Open tfrerix opened 4 years ago
What hardware platform is this? CPU/GPU/TPU?
The plots are obtained on a CPU. They look similar but shifted on a GPU.
Add-on: with vmap
it takes about a factor 3-4 longer to compile on my machine, roughly 2 mins for 20 integration steps. Here is the vmapped version I have used:
ndims = 3
n_integration_steps = 20
start = jnp.arange(ndims, 0, -1.)
converged, results = jax.vmap(optimize, in_axes=(0,None))(jnp.tile(start[None], [10,1]), n_integration_steps)
I don't have anything helpful yet, but just wanted to chime in to say: thanks for raising this and for the very clear repro! We'd certainly like to support physics work, so we're keen to learn about issues like this and try to fix them!
cc @brianwa84 as FYI on TFP (EDIT: though it looks like this may be a JAX issue to solve)
Here's the version that does the vmap
inside jit
. It takes 100 seconds to compile in public Colab:
ndims = 3
n_integration_steps = 10
start = jnp.arange(ndims, 0, -1.)
optimize_vmap = jax.jit(jax.vmap(optimize, in_axes=(0, None)), static_argnums=(1,))
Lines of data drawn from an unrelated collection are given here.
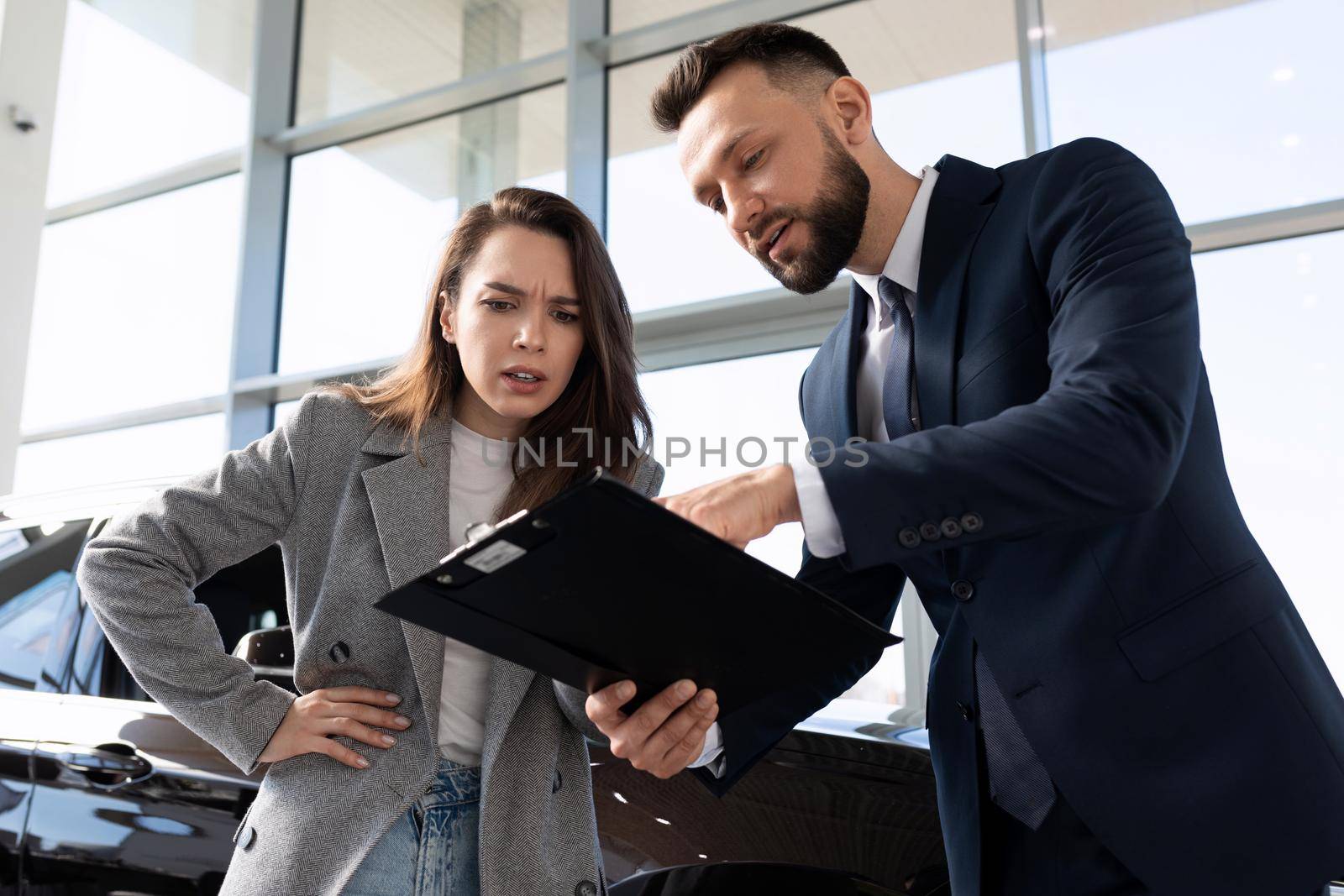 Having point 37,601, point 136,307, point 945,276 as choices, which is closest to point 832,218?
point 945,276

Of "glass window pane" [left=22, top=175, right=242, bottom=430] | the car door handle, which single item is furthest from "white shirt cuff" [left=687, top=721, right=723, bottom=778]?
"glass window pane" [left=22, top=175, right=242, bottom=430]

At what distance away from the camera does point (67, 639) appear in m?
2.39

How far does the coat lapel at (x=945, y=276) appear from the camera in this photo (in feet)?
4.04

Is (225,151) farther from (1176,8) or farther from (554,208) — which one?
(554,208)

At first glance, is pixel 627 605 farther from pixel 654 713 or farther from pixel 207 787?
pixel 207 787

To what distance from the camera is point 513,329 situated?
151 centimetres

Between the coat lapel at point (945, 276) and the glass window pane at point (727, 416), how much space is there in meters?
2.45

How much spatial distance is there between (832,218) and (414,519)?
619 millimetres

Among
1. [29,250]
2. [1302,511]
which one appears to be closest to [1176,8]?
[1302,511]

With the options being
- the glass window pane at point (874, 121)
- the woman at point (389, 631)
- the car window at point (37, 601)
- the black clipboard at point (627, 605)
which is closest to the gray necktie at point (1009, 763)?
the black clipboard at point (627, 605)

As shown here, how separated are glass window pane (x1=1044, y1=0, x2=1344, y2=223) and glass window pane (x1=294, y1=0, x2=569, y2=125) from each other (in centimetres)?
241

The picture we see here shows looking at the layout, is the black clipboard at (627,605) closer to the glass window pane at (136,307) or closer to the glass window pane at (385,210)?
the glass window pane at (385,210)

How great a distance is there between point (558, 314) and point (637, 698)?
1.87ft

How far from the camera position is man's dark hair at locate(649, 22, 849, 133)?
4.91 feet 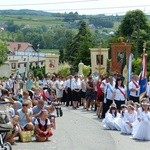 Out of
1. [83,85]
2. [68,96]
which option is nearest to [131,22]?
[68,96]

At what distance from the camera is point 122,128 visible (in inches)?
751

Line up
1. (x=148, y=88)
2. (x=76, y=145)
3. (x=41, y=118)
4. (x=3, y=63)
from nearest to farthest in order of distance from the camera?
1. (x=76, y=145)
2. (x=41, y=118)
3. (x=148, y=88)
4. (x=3, y=63)

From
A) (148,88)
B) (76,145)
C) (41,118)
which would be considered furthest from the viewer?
(148,88)

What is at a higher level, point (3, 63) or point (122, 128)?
point (122, 128)

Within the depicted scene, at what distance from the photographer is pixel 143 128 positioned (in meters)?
17.6

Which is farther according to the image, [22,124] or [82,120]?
[82,120]

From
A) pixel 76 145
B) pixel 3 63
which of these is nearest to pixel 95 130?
pixel 76 145

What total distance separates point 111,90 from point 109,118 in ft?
9.15

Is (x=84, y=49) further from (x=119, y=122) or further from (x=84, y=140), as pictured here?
(x=84, y=140)

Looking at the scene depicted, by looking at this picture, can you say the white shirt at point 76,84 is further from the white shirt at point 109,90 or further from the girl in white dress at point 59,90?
the white shirt at point 109,90

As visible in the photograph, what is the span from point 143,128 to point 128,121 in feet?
4.21

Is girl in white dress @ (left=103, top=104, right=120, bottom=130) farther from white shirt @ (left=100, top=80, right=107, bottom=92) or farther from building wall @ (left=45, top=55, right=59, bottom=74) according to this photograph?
building wall @ (left=45, top=55, right=59, bottom=74)

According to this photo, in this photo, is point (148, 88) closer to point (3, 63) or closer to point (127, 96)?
point (127, 96)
%time converged, results = optimize_vmap(start[None, :], n_integration_steps)
# CPU times: user 1min 39s, sys: 1.59 s, total: 1min 40s
# Wall time: 1min 39s
(subsequent invocations run in only 3 ms!)
It looks like the repeated tracing of the loss function is related to recomputing jvp in many places. Is there a way to cache JVP tracing?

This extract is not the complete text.